Data items

++++++

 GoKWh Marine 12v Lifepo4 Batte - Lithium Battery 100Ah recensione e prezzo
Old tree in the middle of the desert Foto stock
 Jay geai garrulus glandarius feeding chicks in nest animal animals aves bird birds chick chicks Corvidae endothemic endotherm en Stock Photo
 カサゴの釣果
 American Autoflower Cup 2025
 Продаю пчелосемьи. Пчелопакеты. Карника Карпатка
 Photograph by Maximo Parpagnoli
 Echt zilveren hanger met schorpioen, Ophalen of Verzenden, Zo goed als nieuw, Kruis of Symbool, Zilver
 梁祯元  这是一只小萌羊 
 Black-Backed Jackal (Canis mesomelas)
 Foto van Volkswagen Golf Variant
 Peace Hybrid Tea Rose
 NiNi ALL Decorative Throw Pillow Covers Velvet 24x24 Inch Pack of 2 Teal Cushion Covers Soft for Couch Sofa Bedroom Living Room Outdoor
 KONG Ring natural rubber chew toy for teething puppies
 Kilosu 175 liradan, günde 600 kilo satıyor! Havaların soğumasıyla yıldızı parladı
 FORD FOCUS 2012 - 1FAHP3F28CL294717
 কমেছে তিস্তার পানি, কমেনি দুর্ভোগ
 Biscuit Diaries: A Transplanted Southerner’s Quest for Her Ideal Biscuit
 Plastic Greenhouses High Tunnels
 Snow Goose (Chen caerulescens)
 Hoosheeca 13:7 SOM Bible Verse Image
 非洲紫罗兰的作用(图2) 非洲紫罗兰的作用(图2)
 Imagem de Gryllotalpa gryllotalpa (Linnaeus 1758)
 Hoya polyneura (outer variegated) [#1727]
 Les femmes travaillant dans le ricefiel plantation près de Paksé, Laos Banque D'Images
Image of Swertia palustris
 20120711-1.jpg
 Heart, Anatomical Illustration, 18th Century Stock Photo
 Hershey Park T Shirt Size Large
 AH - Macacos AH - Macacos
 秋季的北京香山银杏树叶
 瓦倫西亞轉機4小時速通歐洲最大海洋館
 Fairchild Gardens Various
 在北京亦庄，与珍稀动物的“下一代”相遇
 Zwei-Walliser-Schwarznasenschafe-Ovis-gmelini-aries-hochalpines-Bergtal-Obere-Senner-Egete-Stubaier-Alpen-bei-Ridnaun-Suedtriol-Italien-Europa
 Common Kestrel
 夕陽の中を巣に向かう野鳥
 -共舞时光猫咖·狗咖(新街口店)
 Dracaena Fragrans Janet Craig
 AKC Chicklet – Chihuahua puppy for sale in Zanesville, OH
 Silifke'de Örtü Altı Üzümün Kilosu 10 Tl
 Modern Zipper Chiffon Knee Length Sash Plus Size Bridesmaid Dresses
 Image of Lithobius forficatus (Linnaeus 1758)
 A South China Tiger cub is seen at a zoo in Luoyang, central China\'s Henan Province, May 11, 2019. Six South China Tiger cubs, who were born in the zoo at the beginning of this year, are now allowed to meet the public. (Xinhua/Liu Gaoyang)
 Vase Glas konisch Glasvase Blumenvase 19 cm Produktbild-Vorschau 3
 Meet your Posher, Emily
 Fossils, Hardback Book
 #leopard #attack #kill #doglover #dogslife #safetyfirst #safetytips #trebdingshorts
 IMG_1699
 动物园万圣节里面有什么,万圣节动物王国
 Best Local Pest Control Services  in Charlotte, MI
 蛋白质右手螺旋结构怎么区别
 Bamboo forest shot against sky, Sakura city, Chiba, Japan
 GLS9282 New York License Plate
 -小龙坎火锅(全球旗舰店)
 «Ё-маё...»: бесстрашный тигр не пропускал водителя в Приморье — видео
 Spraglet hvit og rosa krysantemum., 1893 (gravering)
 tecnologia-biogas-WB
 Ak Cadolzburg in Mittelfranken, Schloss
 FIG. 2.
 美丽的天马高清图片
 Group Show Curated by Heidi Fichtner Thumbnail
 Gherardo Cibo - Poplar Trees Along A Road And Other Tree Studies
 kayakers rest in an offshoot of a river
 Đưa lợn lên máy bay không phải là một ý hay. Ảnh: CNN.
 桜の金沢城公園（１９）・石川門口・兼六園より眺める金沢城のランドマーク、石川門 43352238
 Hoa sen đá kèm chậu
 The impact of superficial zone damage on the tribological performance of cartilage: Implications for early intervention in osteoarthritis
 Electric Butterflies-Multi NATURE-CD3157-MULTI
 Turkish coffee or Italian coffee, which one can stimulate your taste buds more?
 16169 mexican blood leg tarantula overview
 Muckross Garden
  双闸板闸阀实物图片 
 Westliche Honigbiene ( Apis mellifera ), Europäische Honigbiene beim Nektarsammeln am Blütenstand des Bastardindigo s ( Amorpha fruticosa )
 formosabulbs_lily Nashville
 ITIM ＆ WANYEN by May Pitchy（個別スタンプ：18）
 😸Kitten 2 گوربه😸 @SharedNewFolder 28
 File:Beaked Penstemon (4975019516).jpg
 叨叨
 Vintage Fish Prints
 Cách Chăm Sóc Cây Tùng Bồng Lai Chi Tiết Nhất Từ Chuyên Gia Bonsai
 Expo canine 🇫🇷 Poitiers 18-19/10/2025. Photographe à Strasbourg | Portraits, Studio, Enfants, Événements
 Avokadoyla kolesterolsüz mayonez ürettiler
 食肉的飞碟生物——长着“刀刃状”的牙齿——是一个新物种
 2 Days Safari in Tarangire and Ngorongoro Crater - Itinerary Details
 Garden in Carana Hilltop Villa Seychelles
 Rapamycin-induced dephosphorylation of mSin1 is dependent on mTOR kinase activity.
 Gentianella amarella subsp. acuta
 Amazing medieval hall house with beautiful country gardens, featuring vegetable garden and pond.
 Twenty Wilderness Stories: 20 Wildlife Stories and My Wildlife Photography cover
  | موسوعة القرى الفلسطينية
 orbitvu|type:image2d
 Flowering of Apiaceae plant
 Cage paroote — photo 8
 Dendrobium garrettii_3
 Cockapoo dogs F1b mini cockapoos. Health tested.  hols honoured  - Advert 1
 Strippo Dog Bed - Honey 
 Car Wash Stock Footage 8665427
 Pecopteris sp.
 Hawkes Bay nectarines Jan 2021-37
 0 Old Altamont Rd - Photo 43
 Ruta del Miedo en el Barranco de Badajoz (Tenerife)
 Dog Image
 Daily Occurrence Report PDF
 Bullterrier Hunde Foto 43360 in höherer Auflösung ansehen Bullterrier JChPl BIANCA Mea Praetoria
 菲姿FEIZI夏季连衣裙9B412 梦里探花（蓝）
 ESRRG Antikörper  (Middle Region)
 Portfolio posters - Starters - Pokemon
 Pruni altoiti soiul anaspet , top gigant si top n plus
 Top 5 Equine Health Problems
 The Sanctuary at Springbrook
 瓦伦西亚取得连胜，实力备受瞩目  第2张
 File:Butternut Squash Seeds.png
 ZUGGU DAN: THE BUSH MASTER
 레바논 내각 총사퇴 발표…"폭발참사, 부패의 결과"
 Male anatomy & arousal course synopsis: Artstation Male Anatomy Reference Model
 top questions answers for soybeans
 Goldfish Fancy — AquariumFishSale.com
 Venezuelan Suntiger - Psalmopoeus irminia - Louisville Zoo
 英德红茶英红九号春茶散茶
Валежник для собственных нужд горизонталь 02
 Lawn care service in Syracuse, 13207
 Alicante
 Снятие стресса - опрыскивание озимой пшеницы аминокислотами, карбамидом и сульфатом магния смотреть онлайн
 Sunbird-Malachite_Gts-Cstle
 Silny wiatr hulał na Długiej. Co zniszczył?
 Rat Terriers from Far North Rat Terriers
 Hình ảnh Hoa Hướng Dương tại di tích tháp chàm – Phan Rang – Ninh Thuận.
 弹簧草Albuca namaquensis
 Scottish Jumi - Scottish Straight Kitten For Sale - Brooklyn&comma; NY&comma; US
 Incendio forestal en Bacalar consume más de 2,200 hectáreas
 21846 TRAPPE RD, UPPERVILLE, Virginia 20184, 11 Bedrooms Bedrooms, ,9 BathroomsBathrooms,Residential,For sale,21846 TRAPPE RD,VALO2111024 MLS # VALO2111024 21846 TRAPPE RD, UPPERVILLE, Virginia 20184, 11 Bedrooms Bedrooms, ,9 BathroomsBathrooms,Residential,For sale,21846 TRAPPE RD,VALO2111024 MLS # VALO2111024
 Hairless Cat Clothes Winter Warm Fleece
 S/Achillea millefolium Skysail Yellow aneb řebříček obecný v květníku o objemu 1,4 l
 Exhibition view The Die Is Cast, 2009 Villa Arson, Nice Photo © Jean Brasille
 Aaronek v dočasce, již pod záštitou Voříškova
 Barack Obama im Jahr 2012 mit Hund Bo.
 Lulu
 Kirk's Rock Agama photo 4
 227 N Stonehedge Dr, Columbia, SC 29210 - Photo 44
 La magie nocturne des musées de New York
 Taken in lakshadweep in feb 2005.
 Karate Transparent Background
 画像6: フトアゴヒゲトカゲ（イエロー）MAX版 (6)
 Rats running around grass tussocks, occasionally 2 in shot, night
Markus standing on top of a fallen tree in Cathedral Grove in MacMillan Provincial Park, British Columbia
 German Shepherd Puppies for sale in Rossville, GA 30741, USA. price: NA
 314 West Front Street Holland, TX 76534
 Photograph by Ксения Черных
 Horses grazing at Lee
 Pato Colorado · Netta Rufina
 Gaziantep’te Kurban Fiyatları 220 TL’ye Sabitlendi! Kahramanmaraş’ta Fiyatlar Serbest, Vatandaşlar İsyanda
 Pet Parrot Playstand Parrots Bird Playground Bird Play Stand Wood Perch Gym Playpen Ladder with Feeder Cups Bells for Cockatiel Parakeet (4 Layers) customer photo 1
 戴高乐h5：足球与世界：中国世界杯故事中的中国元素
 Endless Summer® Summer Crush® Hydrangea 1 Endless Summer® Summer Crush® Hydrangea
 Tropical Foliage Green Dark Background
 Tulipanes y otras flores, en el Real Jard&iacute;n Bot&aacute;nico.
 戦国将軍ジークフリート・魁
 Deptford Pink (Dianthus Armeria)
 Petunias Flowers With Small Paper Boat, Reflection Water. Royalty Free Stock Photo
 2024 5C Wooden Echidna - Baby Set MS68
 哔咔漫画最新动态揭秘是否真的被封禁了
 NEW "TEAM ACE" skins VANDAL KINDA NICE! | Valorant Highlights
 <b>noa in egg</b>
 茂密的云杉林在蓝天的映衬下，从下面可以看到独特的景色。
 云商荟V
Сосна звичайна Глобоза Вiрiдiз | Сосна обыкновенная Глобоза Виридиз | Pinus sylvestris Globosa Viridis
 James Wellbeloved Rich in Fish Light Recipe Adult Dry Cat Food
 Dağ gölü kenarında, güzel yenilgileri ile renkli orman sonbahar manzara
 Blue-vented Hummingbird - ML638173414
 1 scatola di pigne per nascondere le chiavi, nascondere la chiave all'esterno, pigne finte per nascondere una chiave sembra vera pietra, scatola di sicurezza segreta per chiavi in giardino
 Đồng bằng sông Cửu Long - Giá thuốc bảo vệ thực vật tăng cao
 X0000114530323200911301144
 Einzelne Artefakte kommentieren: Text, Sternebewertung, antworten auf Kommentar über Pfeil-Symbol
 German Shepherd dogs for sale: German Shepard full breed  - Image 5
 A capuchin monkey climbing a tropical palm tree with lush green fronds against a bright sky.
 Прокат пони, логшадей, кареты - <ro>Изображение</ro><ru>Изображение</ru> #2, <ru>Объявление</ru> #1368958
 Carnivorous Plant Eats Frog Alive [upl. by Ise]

++++++

(Problem statement) Scan the lines above for the word "Foto". Return each one that has it.

(Reply to the task)
Old tree in the middle of the desert Foto stock
 Foto van Volkswagen Golf Variant
 Bullterrier Hunde Foto 43360 in höherer Auflösung ansehen Bullterrier JChPl BIANCA Mea Praetoria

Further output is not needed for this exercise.